И вот как вспоминает об этом Н. А. Решетовская:
...
Перед Октябрьскими праздниками в Рязань приехал Копелев прочесть лекцию о Шиллере. Ночевал у нас. Прежде он хвалил Санины пьесы. А тут, перелистав рукопись «Ивана Денисовича», отмахнулся от неё, небрежно бросив: «Это типичная производственная повесть в духе социалистического реализма. Да ещё перегружена ненужными деталями». Саня очень расстроился от подобного приговора.
(Н. А. Решетовская. Хронограф. Архив Н. А. Решетовской)
Позже, когда они уже совсем рассорились, Александр Исаевич все это бывшему другу припомнил. И уже прямо обвинил его в том, что он не только не способствовал тому, чтобы «Щ 854» дошёл до Твардовского, но чуть ли даже этому не препятствовал.
Копелев ответил на эти обвинения подробно, и этот его ответ многое в этой запутанной истории проясняет:
...
История «хождения рукописи» «Щ 854» изложена тобой, теперь уже в личном письме, столь удаленно от истины, что я прежде всего удивился, хотя за последние годы должен был бы перестать удивляться тому, как своеобразно ты «живёшь не по лжи»...
Ты привез нам рукопись в мае 1961 года. Я начал читать при тебе же. И сразу сказал, что это мне нравится гораздо больше, чем «Шарашка». Позднее говорил, что могу повторить слова Ленина о Маяковском: «не знаю, как насчет поэзии, но политически своевременно».
Потом прочла Рая, и мы вместе с тобой составили список тех, кому ты разрешил показывать рукопись, не выпуская её из нашей квартиры и не называя имени автора: Всеволод Иванов, Вячеслав Иванов, Лидия Чуковская, Владимир Тендряков, Иван Рожанский, Лев Осповат... Не все из них тогда прочитали, но летом прибавились ещё читатели.
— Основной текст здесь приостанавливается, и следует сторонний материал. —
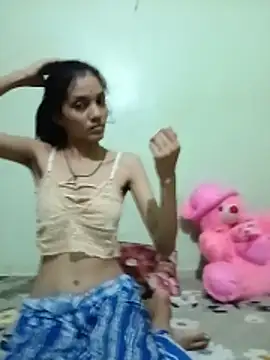 Honey lily-93 online show from June 2026 05:24:02 PM
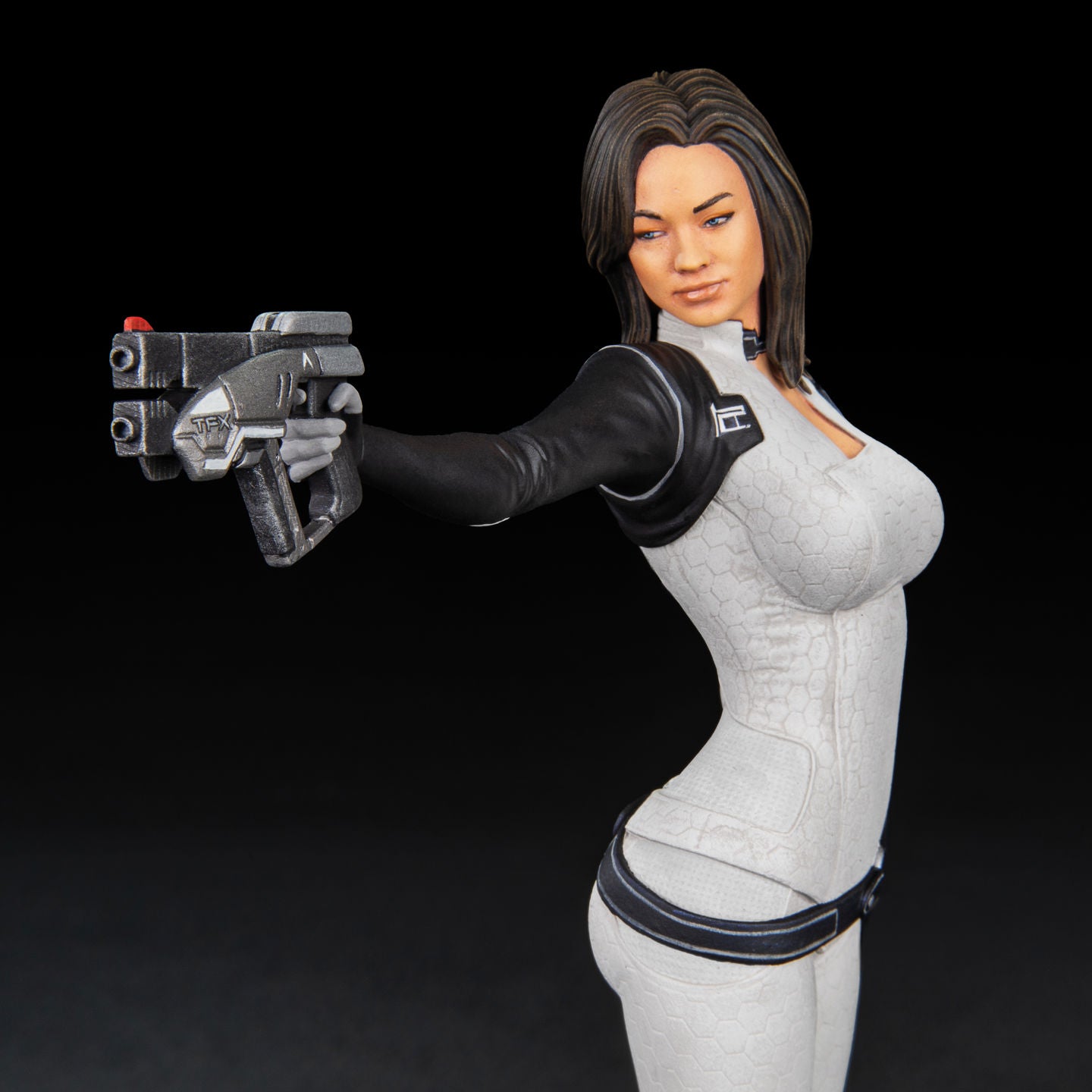 [PRE-ORDER] Dark Horse Mass Effect Miranda Lawson Figure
Когда мы вернулись в ноябре 1961 года с Кавказа после XXII съезда, в твой первый приход к нам (5-го или 6-го ноября) мы обсуждали, как теперь быть с рукописью. Мы вдвоем долго уговаривали тебя, что наступило время показать рукопись Твардовскому.
Никто из нас тогда не рассчитывал на публикацию. Но после того, как рукопись побывает в редакции «Нового мира», ты уже не будешь отвечать за её распространение.
И как именно передавать, мы с тобой обсуждали очень подробно. Решили, что передаст Рая через Асю Б., а не я через Марьямова, так как Твардовский и некоторые другие члены редколлегии ко мне плохо относятся.
В тот день, когда я пришел к Твардовскому говорить о «Тарусских страницах», А. Б. сказала мне, что вручит ему рукопись в ближайшие часы, и просила назвать какое-либо имя автора. И я надписал сверху «А. Рязанский».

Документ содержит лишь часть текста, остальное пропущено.